Question

The equation below represents Function A and the graph represents Function B:

Function A

f(x) = – 2x + 1

Function B

graph of line going through ordered pairs negative 1, negative 5 and 2, 1 and 3, 3

Which equation best compares the slopes of the two functions? (1 point)


Slope of Function B = 2 x Slope of Function A.

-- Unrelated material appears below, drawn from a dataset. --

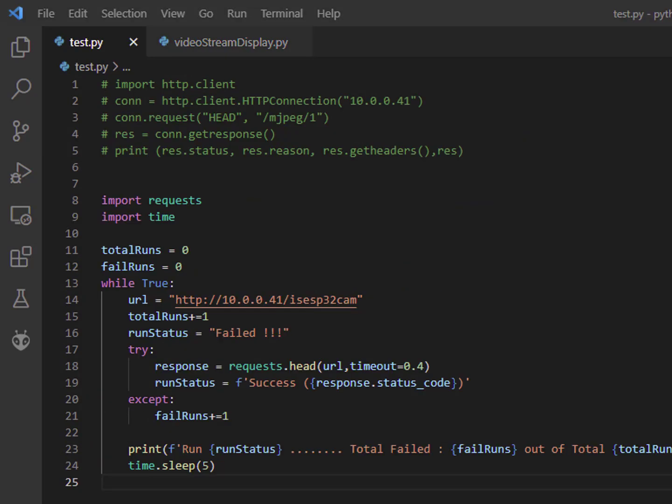Remember I mentioned adding the /isesp32cam into the code. The reason was that I originally tried to find the camera by the stream URL itself and also by the /jpeg URL it has but I had really bad results. On the other hand the /isesp32cam was stress tested with this code for hours with only rarely ever failing.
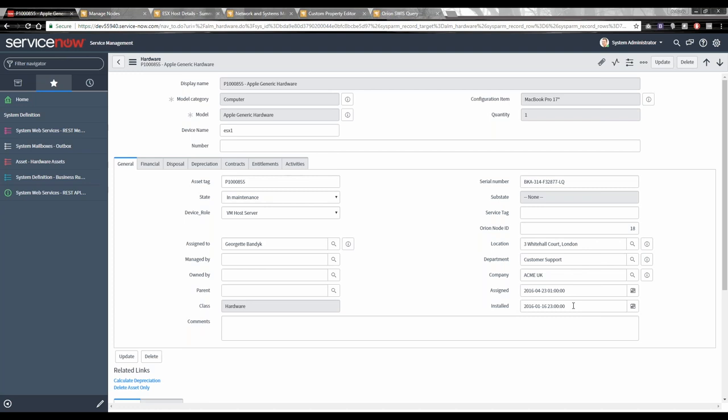We also use this for device decommissioning situations where a customer wants to keep data in Orion — perhaps historic data is valuable or they need to complete a reporting cycle before deleting the object from the platform. The application can have logic so that when a device is put into 'decommissioned' state, it sets the unmanaged window to 50 years so it cannot come back onto active monitoring.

Slope of Function A = Slope of Function B

Slope of Function A = 2 x Slope of Function B

Slope of Function B = – Slope of Function A

Answer 1

Slope of Function B = – Slope of Function A

Explanation:

Slope of function A=
`-2`

Slope of function B=$\frac{3-1}{3-2}=2$

Answer 2

Slope of Function B = -Slope of Function A

Explanation:

To find the right answer we need to calcultate the slope of each function.

Function A is
`f(x)=-2x+1`

From its expression we can deduct that its slope is
`m_(A) =-2` because the function is expressed in slope-intercept form where the coefficient of the x is the slope.

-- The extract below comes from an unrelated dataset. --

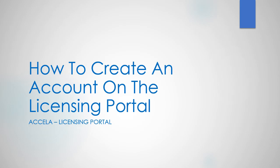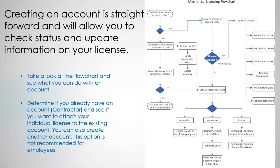This video tutorial will walk you through the steps of creating an account on the licensing portal. Creating an account is pretty straightforward and it will allow you to check the status and update information on your license.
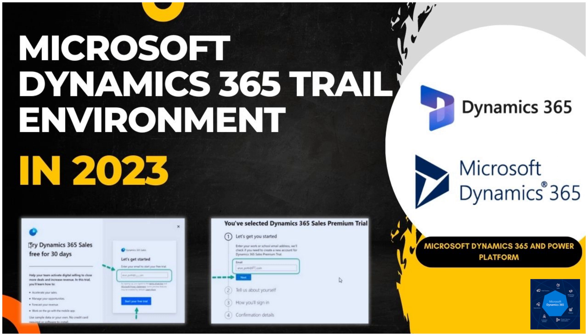Hello everyone. Welcome to Microsoft Dynamics CRM and Power Platform Tutorials. In this video we will be creating a Dynamics 365 CRM trial instance.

Now, function B is defined with a graph line, that intercepts points (-1,-5), (2,1) and (3,3). Using this points we can find its slope using the formula

`m=(y_(2)-y_(1) )/(x_(2)-x_(1) ) \\m_(B) =(3-(-5))/(3-(-1)) =(3+5)/(3+1)=(8)/(4)=2`

So, function A has a slope of -2 and function B has a slope of 2.

Therefore, the last choice compares both slopes, because they are just opposite,

`m_(B)=-m_(A)`

So, the answer is

Slope of Function B = -Slope of Function A